(Caption-style text data)
********************

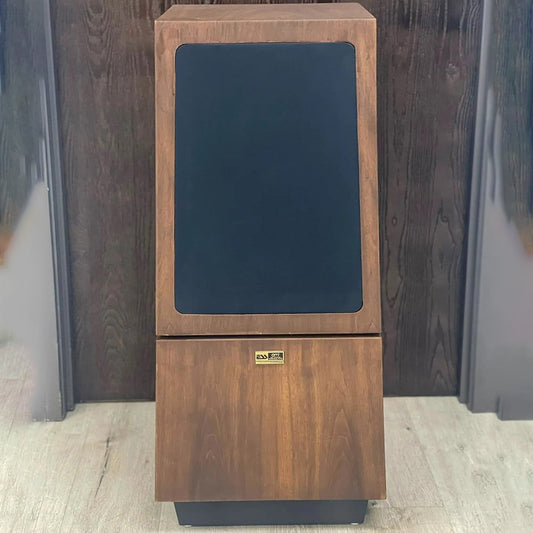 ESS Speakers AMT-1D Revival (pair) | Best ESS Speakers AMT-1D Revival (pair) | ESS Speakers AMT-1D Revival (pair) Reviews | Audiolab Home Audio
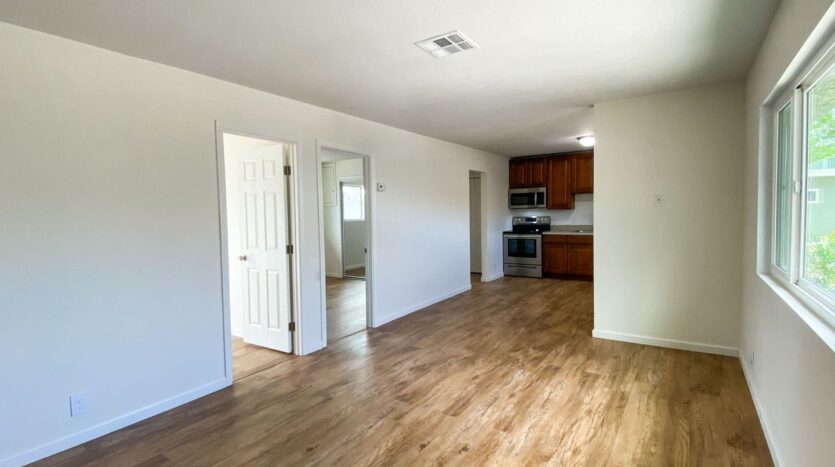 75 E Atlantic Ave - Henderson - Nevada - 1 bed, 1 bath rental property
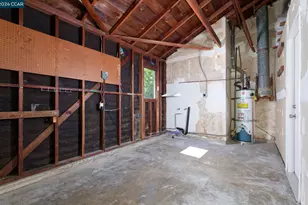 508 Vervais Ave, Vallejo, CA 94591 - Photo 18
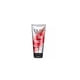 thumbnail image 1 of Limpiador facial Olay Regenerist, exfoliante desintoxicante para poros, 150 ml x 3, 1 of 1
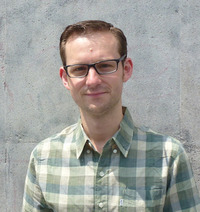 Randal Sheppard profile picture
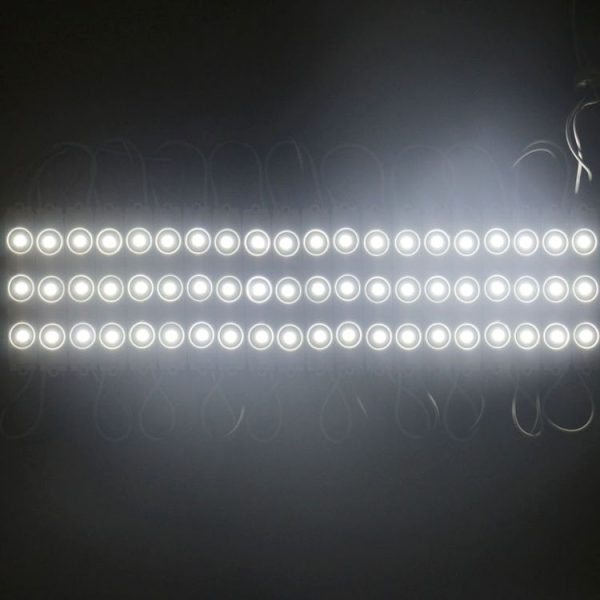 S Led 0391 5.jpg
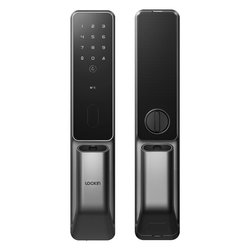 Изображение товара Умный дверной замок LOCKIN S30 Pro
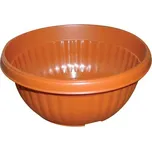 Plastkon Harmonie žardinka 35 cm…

********************

Requirement - The lines to copy begin with the one containing "Изображение товара Умный" and end with the last line of the entries above; copy them exactly, minus the pictures.

Written solution -
 Изображение товара Умный дверной замок LOCKIN S30 Pro
 Plastkon Harmonie žardinka 35 cm…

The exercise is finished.